IoT Roll-out Highlights Security Concerns Steven Keeping

IoT security research findings from Hewlett Packard Enterprise’s internet of things research study. (Courtesy: Hewlett Packard Enterprise)

It’s a familiar pattern; a new technology is introduced, everyone gets excited about its potential and then a seasoned engineer inquires if it can be exploited by the bad guys. Such security questions are now being asked about the Internet of Things (IoT); a network currently under development that makes today’s Internet look tiny in comparison.

The IoT will fuse the conventional Internet with the cellular network and add a third layer of billions of connected ‘things’. Instead of today’s dumb products, that currently operate in glorious isolation ––think machine tools, washing machines, fridges, and even humble devices like pens and spectacles––things will be connected and ‘smart’. According to analyst Gartner, by 2020 the IoT will already comprise 26 billion things.

Such ubiquitous connectivity will bring huge economic and social gains; for example, one analysis by U.S. conglomerate General Electric estimated the technical innovations of the industrial IoT could find direct application in sectors accounting for more than $32.3 trillion in economic activity.

But one glaring drawback of this powerful universal network is the backdoor access to everything it provides for the unscrupulous.

Today’s Internet is the battleground for a perpetual arms race between IT companies and malevolent hackers. For example, no sooner has a security patch been released by Apple, Microsoft or Google than an Internet security company identifies another weakness in their respective operating systems; typically, one that could be exploited by a determined baseball cap-wearing 19-year-old working out of a dingy Eastern European basement.

Why do hackers do it? Some break into computers to demonstrate their ‘talent,’ others do it to gain access to industrial or military secrets, but the majority of today’s hackers go after personal data because it has commercial value. Credit card details are an obvious example, but health information and purchasing-habit particulars are also valuable to many organizations (which often don’t ask where the data came from).

The Ponemon Institute, a U.S.-based research center dedicated to privacy, data protection and information security policy, publishes an annual Cost of Data Breach study which puts an estimate on the cost to companies of hacked information. It makes grim reading; according to the 2015 study of 350 companies spanning 11 countries, the average  cost of a data breach is $3.8 million - representing a 23 percent increase since 2013.

It’s a problem that’s only going to get worse as the IoT rolls out. A report published in late 2015 by Hewlett Packard Enterprise, for example, concluded 70 percent of the most commonly used IoT devices showed serious security deficiencies. The report also noted 90 percent of IoT devices collected at least one piece of personal information. (See figure.)
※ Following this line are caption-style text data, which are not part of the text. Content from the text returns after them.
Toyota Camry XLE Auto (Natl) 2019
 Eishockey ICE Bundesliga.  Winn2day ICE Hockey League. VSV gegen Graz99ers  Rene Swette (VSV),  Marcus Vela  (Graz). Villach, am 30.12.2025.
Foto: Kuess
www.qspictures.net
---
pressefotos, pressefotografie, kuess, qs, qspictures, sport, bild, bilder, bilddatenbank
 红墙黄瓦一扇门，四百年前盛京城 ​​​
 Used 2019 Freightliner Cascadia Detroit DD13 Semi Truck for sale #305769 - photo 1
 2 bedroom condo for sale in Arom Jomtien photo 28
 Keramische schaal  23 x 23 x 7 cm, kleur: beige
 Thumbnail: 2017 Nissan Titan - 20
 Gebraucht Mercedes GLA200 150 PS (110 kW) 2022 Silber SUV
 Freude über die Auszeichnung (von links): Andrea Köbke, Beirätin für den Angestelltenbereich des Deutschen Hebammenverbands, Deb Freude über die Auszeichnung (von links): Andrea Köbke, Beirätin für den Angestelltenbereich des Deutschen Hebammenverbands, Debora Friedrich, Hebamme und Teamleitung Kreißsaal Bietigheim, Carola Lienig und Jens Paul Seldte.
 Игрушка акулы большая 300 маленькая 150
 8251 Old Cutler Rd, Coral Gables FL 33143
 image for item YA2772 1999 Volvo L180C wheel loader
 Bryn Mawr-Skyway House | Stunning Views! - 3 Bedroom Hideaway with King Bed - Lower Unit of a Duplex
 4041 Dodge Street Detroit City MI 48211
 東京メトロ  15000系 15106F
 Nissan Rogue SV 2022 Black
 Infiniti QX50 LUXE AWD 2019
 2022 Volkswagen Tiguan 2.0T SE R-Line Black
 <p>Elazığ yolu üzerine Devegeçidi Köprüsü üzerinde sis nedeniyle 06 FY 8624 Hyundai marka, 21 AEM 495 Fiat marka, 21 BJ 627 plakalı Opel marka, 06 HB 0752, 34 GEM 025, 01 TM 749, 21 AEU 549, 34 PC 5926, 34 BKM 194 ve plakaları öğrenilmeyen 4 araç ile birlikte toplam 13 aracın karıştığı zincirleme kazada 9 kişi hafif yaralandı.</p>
While the information stored on an Internet-connected washing machine, for example, may have a low intrinsic value, a designer of white goods is unlikely to have the expert knowledge of TCP/IP protocols required to protect his product, making it simple to hack. This lack of security, combined with the ease with which a hacker could attack thousands of washing machines simultaneously, would likely make his efforts valuable to a rival manufacturer.

Moreover, It’ll be impractical to regularly patch or update the billions of devices connected to the IoT over their lifetime that could reach a decade or more. And even if the software for a particular device could be regularly updated via the device’s Internet link such updates are likely to happen automatically with no one around to check that the new software has come from a trusted source.

In addition, the IoT introduces new avenues of attack. For example, a researcher has already highlighted a potential vulnerability in a leading brand of wireless fitness band. A scientist claimed that the device could be hacked via its Bluetooth radio and used to deliver malware to a computer when the wearable downloaded its data. (Although the claim was later disputed by the manufacturer.) In other reported cases, researchers managed to remotely control the steering and brakes of a standard production automobile and other scientists gained access to Internet-connected drug infusion pumps potentially allowing dosage tampering.

It doesn’t take much of a leap of imagination to go from a benign researcher hacking a wearable or drug pump in the interests of science to the nightmare scenario of cyber terrorists shutting down California’s electricity grid or reprogramming Chicago’s traffic control systems to instigate chaos. 

So what’s to be done? The IoT will gradually become pervasive, controlling automobiles, health devices, logistics, air traffic and virtually all the modern systems we take for granted. Engineers need to take steps today to counter the risks that are inherent with connected products.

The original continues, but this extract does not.